El padre de Lawrence podía bajar a la mina con su hijo, como mi propio padre,
que era granjero, podía llevarme en el tractor y enseñarme en qué consistía su
trabajo.
Yo sabía lo que hacía a todas horas del día y en todas las estaciones
del año. Con el trabajo de oficina y la «revolución informática» se empezó a
desintegrar el lazo entre padres e hijos. Si el padre sólo pasa en el hogar un
par de horas cada tarde, los valores de la mujer, maravillososcomo son, serán
los únicos valores domésticos. Se podría decir que hoy por hoy el padre pierde
a su hijo a los cinco minutos de su nacimiento.

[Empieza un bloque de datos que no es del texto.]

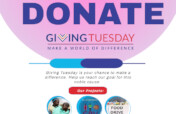 Giving Tuesday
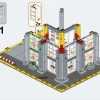 Модульная строительная площадка (LEGO 910008)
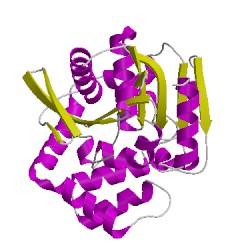 Image of CATH 2vf2A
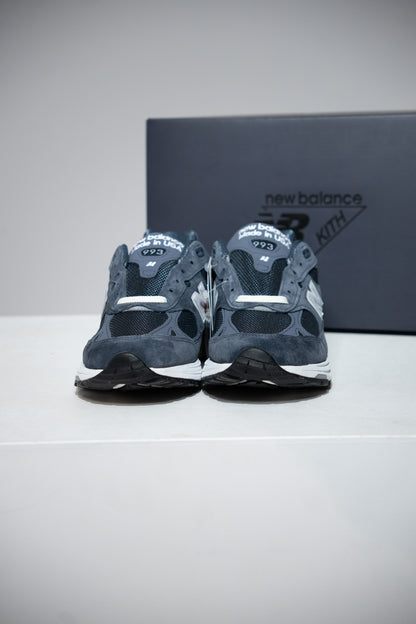 New Balance 993 Kith Made In USA (Taille 42)
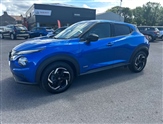 Nissan Juke Image 4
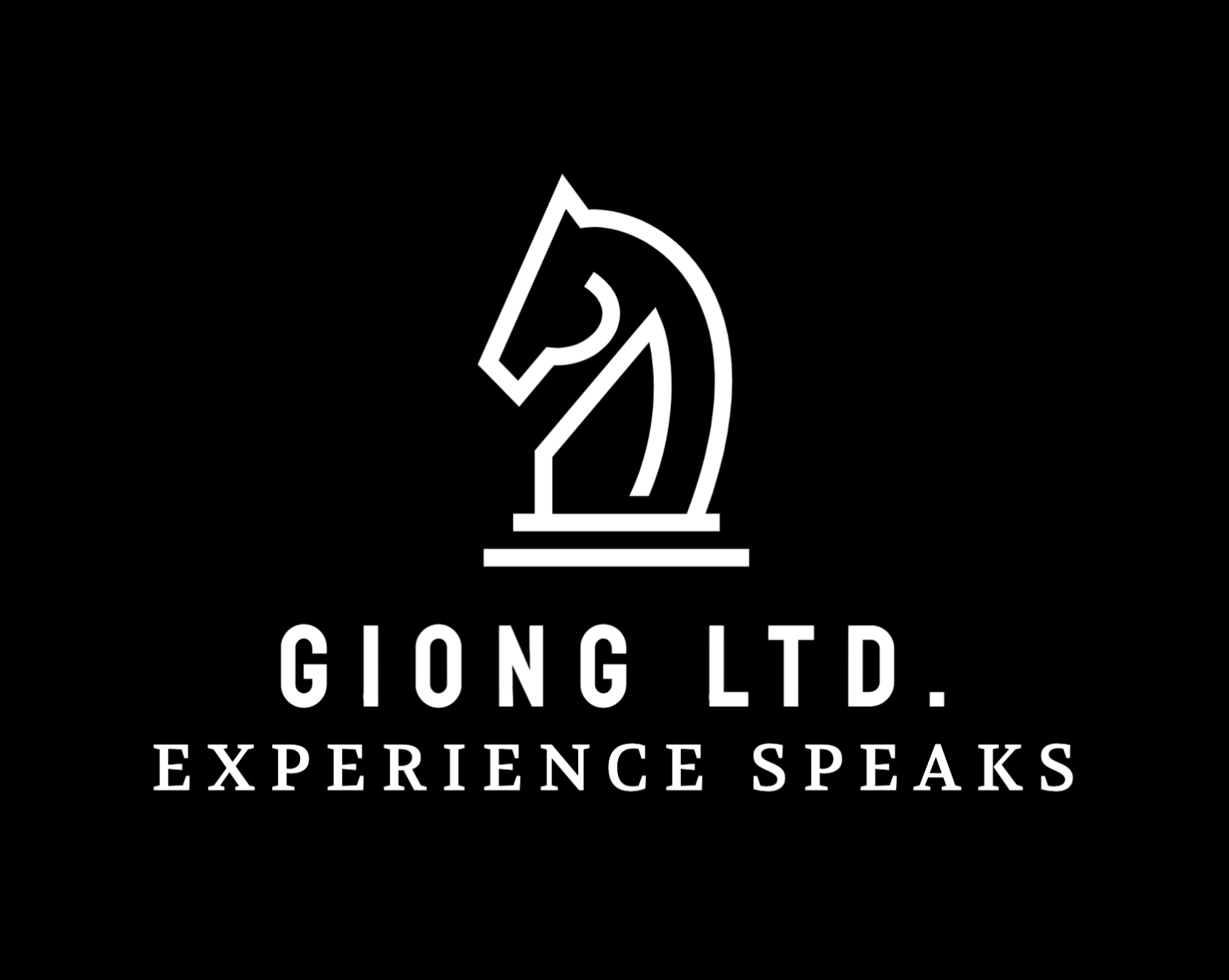 Giong Ltd.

Cuando en la actualidad llegamos a una casa, lo más común es que sea la
madre la que salga a recibirnos. El padre se encuentra en algún otro lugar en la
parte trasera, sin decir palabra. A continuación transcribo un poema mío que se
titula «En busca del padre»:
Amigo, este cuerpo se ofrece a llevarnos sin pedir nada a cambio, como el
océano lleva leños.
Algunos días el cuerpo gime con su gran energía; destroza
los cantos rodados, levantando pequeños cangrejos, que fluyen por los
lados.
Alguien llama a la puerta. No tenemos tiempo para cambiarmos. Quiere que
le sigamos por las ventosas y lluviosas calles hasta la casa oscura.
Iremos, dice el
cuerpo, y encontraremos allí al padre que nunca conocimos, que deambuló
sin rumbo bajo una tormenta de nieve la noche que nacimos, y que luego perdió la
memoria, y desde entonces vive suspirando por su hijo, a quien sólo vio, una
vez..., mientras trabajaba como zapatero, como pastor en Australia, como
cocinero en un restaurante y pintor por las noches. Cuando enciendas la lámpara
le verás. Estará sentado junto a la puerta..., las cejas tan pobladas, la frente
tan despejada..., sólo en todo su cuerpo, esperándote.